Re: [PATCH] mm: fix pgdat->kswap accessed concurrently
From: Muchun Song
Date: Sat Aug 20 2022 - 03:33:30 EST
> On Aug 20, 2022, at 11:25, Kefeng Wang <wangkefeng.wang@xxxxxxxxxx> wrote:
>
> The pgdat->kswap could be accessed concurrently by kswapd_run() and
> kcompactd(), it don't be protected by any lock, which leads to the
> following null-ptr-deref,
>
> vmscan: Failed to start kswapd on node 0
> ...
> BUG: KASAN: null-ptr-deref in kcompactd+0x440/0x504
> Read of size 8 at addr 0000000000000024 by task kcompactd0/37
>
> CPU: 0 PID: 37 Comm: kcompactd0 Kdump: loaded Tainted: G OE 5.10.60 #1
> Hardware name: QEMU KVM Virtual Machine, BIOS 0.0.0 02/06/2015
> Call trace:
> dump_backtrace+0x0/0x394
> show_stack+0x34/0x4c
> dump_stack+0x158/0x1e4
> __kasan_report+0x138/0x140
> kasan_report+0x44/0xdc
> __asan_load8+0x94/0xd0
> kcompactd+0x440/0x504
> kthread+0x1a4/0x1f0
> ret_from_fork+0x10/0x18
>
> Fix it by adding READ_ONCE()|WRITE_ONCE().
>
> Signed-off-by: Kefeng Wang <wangkefeng.wang@xxxxxxxxxx>
> ---
> mm/compaction.c | 4 +++-
> mm/vmscan.c | 15 +++++++++------
> 2 files changed, 12 insertions(+), 7 deletions(-)
>
> diff --git a/mm/compaction.c b/mm/compaction.c
> index 640fa76228dd..aa1cfe47f046 100644
> --- a/mm/compaction.c
> +++ b/mm/compaction.c
> @@ -1983,7 +1983,9 @@ static inline bool is_via_compact_memory(int order)
>
> static bool kswapd_is_running(pg_data_t *pgdat)
> {
> - return pgdat->kswapd && task_is_running(pgdat->kswapd);
> + struct task_struct *t = READ_ONCE(pgdat->kswapd);
> +
> + return t && task_is_running(t);
> }
>
> /*
> diff --git a/mm/vmscan.c b/mm/vmscan.c
> index b2b1431352dc..9abba714249e 100644
> --- a/mm/vmscan.c
> +++ b/mm/vmscan.c
> @@ -4642,16 +4642,19 @@ unsigned long shrink_all_memory(unsigned long nr_to_reclaim)
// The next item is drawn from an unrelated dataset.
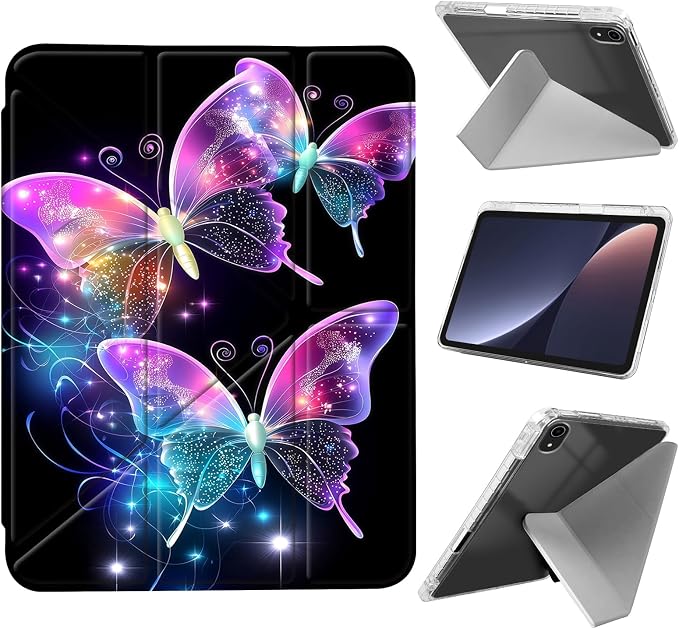Sparkling Butterflies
> void kswapd_run(int nid)
> {
> pg_data_t *pgdat = NODE_DATA(nid);
> + struct task_struct *t;
>
> - if (pgdat->kswapd)
> + if (READ_ONCE(pgdat->kswapd))
> return;
>
> - pgdat->kswapd = kthread_run(kswapd, pgdat, "kswapd%d", nid);
> - if (IS_ERR(pgdat->kswapd)) {
> + t = kthread_run(kswapd, pgdat, "kswapd%d", nid);
> + if (IS_ERR(t)) {
> /* failure at boot is fatal */
> BUG_ON(system_state < SYSTEM_RUNNING);
> pr_err("Failed to start kswapd on node %d\n", nid);
> - pgdat->kswapd = NULL;
> + WRITE_ONCE(pgdat->kswapd, NULL);
> + } else {
> + WRITE_ONCE(pgdat->kswapd, t);
> }
> }
IIUC, the race is like the followings:
CPU 0: CPU 1:
kswapd_run()
pgdat->kswapd = kthread_run()
if (IS_ERR(pgdat->kswapd))
kswapd_is_running
// load pgdat->kswapd and it is NOT NULL.
pgdat->kswapd = NULL
task_is_running(pgdat->kswapd); // NULL pointer dereference
So
Reviewed-by: Muchun Song <songmuchun@xxxxxxxxxxxxx>
Thanks.
>
> @@ -4661,11 +4664,11 @@ void kswapd_run(int nid)
> */
> void kswapd_stop(int nid)
> {
> - struct task_struct *kswapd = NODE_DATA(nid)->kswapd;
> + struct task_struct *kswapd = READ_ONCE(NODE_DATA(nid)->kswapd);
>
> if (kswapd) {
> kthread_stop(kswapd);
> - NODE_DATA(nid)->kswapd = NULL;
> + WRITE_ONCE(NODE_DATA(nid)->kswapd, NULL);
> }
> }
>
> --
> 2.35.3
>
>